Publish Time: 2018-02-22 Author: From: Xinhua

Holding a baby goat, or kid, tightly in her arms, Tse Drolma must walk more than one hour to Yamdrok Lake in the freezing weather. Sometimes she is lucky to get a free ride.

Tse Drolma lives in impoverished Kamba Village, Konggar County in Tibet Autonomous Region.

The 17-year-old Tibetan girl is a student at a vocational school in Lhasa. She goes to the viewing platform beside Yamdrok Lake every day during her winter vacation, with her kid.

Four years ago, Tse Drolma's father fell seriously ill, leaving her mother to support the family.

"I just wanted to share the burden on my mother's shoulders," she said. She followed the lead of other villagers, who took goats to the lakeside and let tourists take photos with the animals for a small charge.

Goats have become "cash cows" for her family.

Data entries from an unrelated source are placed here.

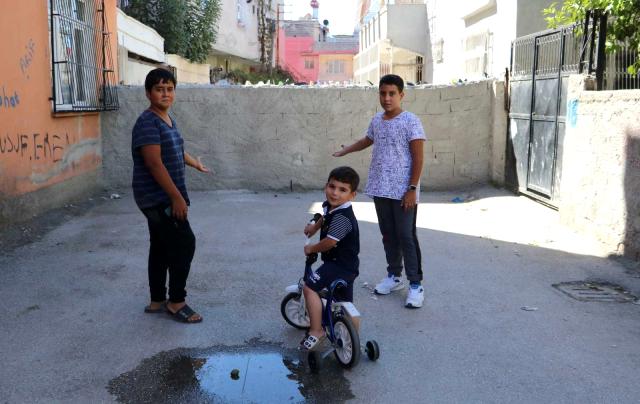 ''Tapulu arazim'' diyerek ördüğü çivili duvarla sokağı kapattı! Komşuları böyle isyan etti: Şok olduk, Berlin Duvarı gibi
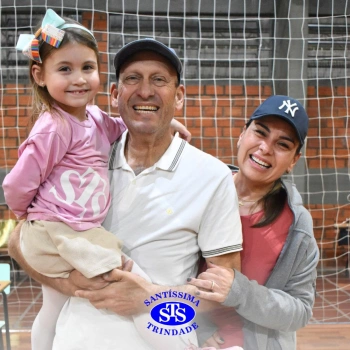Infantil 4 e 5 celebram o Dia dos Avós com brincadeiras, carinho e muito afeto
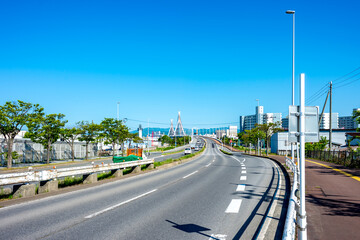 今日はドライブ日和。青森ベイエリアに向かうバイパスを走る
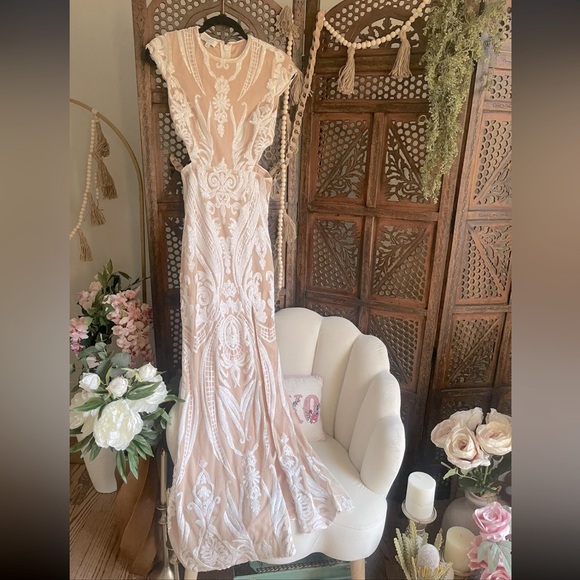 New RYSE The Label Emily Cutout Sequin Dress - Picture 5 of 5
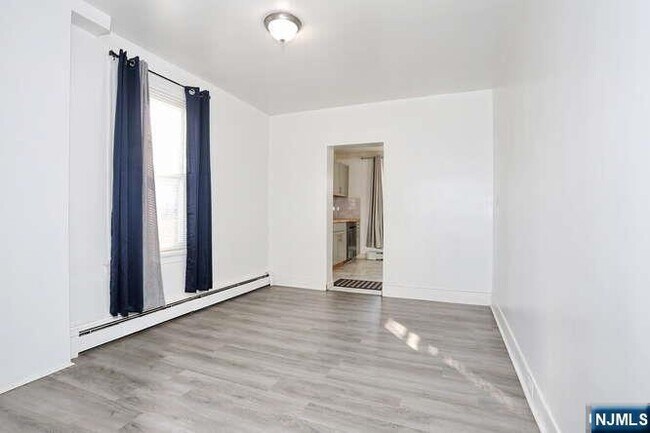 Photo - 68 Mohawk Ave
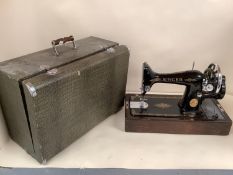 A vintage Singer Sewing Machine, see images for serial etc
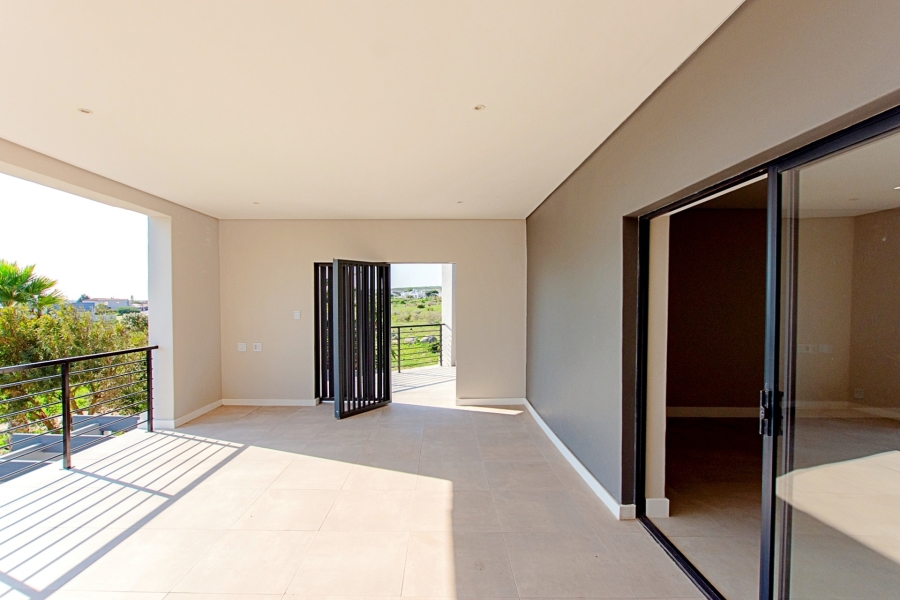 5 Bedroom Property for Sale in Myburgh Park Western Cape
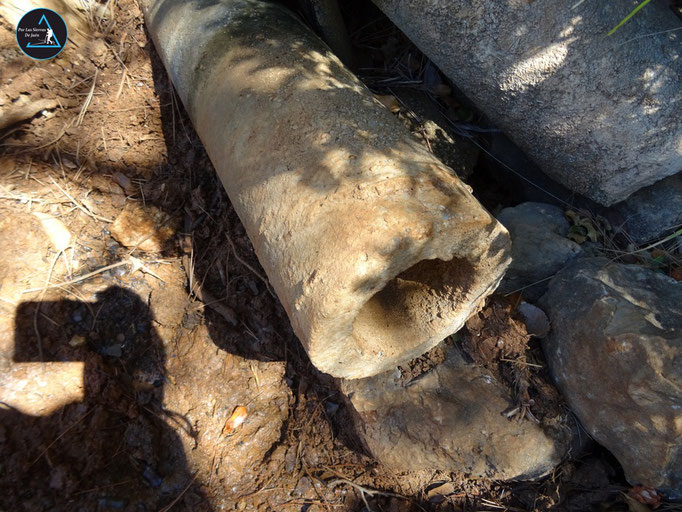Viejos tubos de canalización de la fuente de los Trancos o Troncos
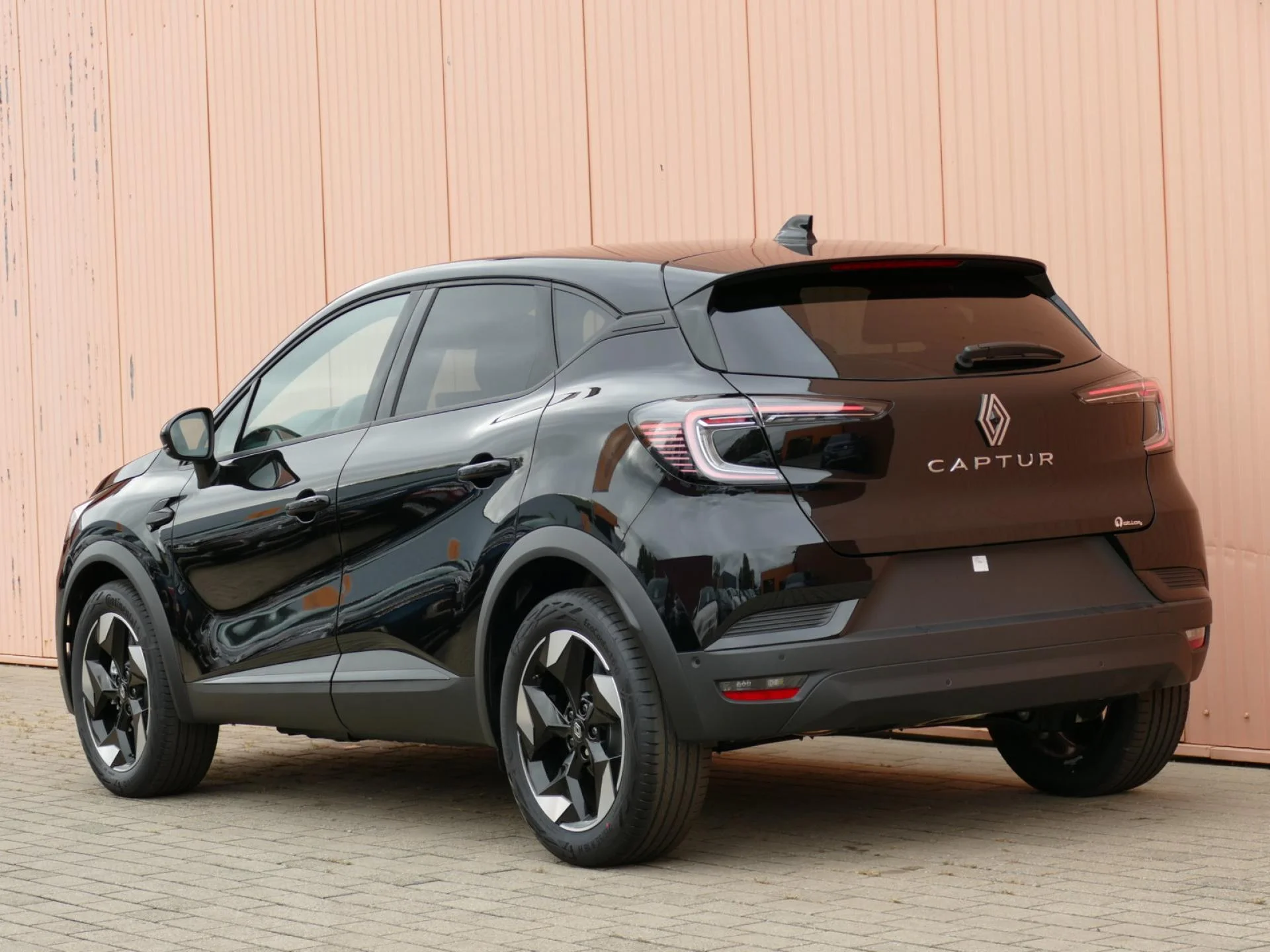 RENAULT CAPTUR - Miniature 4 sur 32 - Cliquer pour voir cette photo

Tse Drolma earned just five yuan (0.8 U.S. dollars) per customer when she first started. She never expected the animals to make a fortune, just some extra money to help her family.

During holidays, she goes to the observation platform, located nearly 5,000 meters above sea level, every morning at 9 a.m.

Tse Drolma makes sure her kids are well fed and prepares some hay for them before they leave home.

She often takes her textbooks and reads them at the platform, or listens to music when there are not many tourists. A pack of instant noodles is her normal lunch. She stays there until evening, enduring the strong winter winds.

Fortunately, the standard price for a goat photo doubled last year as the region has seen an increasing number of tourists. But Tse Drolma sometimes only has one or two customers, because she's too shy to solicit business.

During summer vacation, when the weather in the region becomes more pleasant, she said she can earn more than 100 yuan per day.

"Her name is Drolkar. She's only three months old," she said. Drolkar is the seventh kid Tse Drolma has worked with over the past few years.

She has to bring kids, as full-grown goats are not as cute and are not willing to let tourists touch them. Tse Drolma sets all her workmates free after they were grow bigger, rather than keeping them for their milk or slaughtering them for meat.

Tibet received more than 25 million visitors last year, an increase of 10.6 percent from 2016. Tourism revenue in 2017 increased 14.7 percent to 38 billion yuan (6 billion U.S. dollars).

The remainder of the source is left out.